* **AVAILABLE DATA**
##########
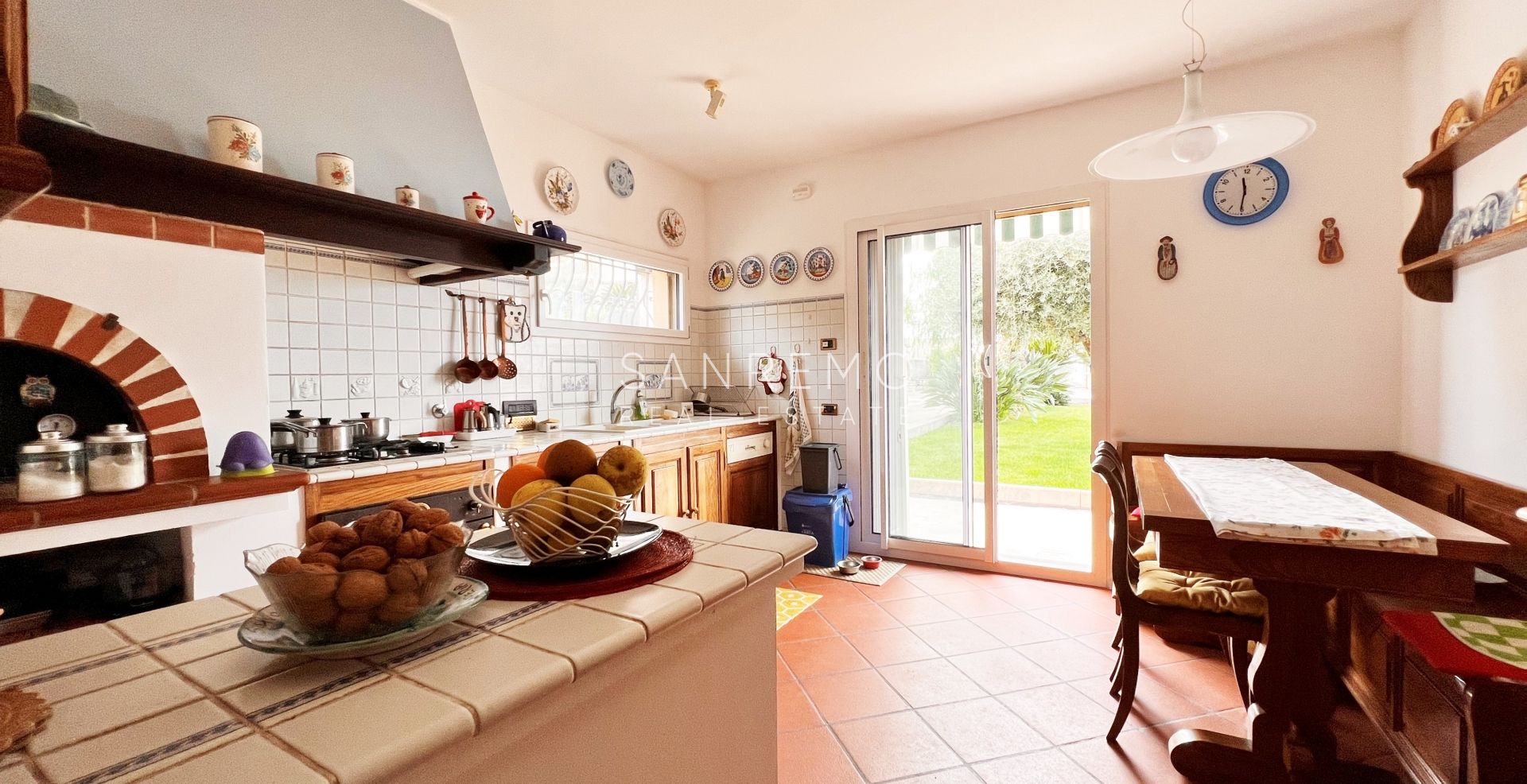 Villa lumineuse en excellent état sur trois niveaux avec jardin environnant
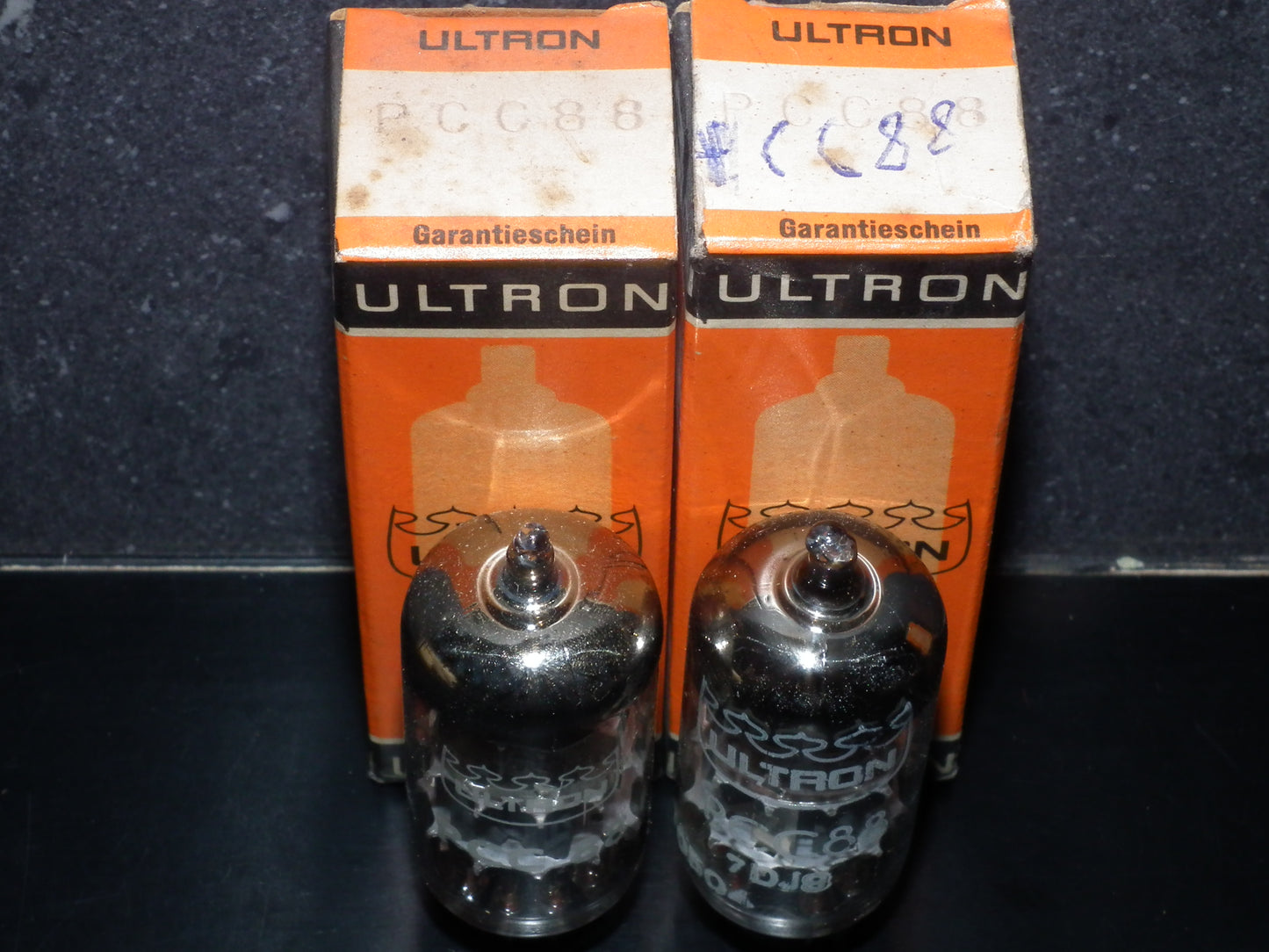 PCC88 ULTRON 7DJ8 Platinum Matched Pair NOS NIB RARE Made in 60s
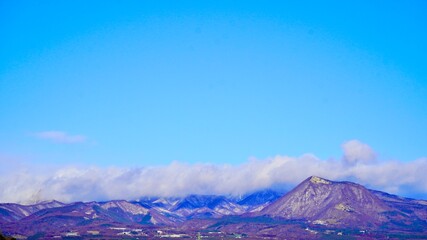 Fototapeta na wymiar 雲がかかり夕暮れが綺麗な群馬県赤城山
##########
* **PROMPT**
Restate the whole listing above exactly, except for its images.

* **EXERCISE RESULT**
 Villa lumineuse en excellent état sur trois niveaux avec jardin environnant
 PCC88 ULTRON 7DJ8 Platinum Matched Pair NOS NIB RARE Made in 60s
 Fototapeta na wymiar 雲がかかり夕暮れが綺麗な群馬県赤城山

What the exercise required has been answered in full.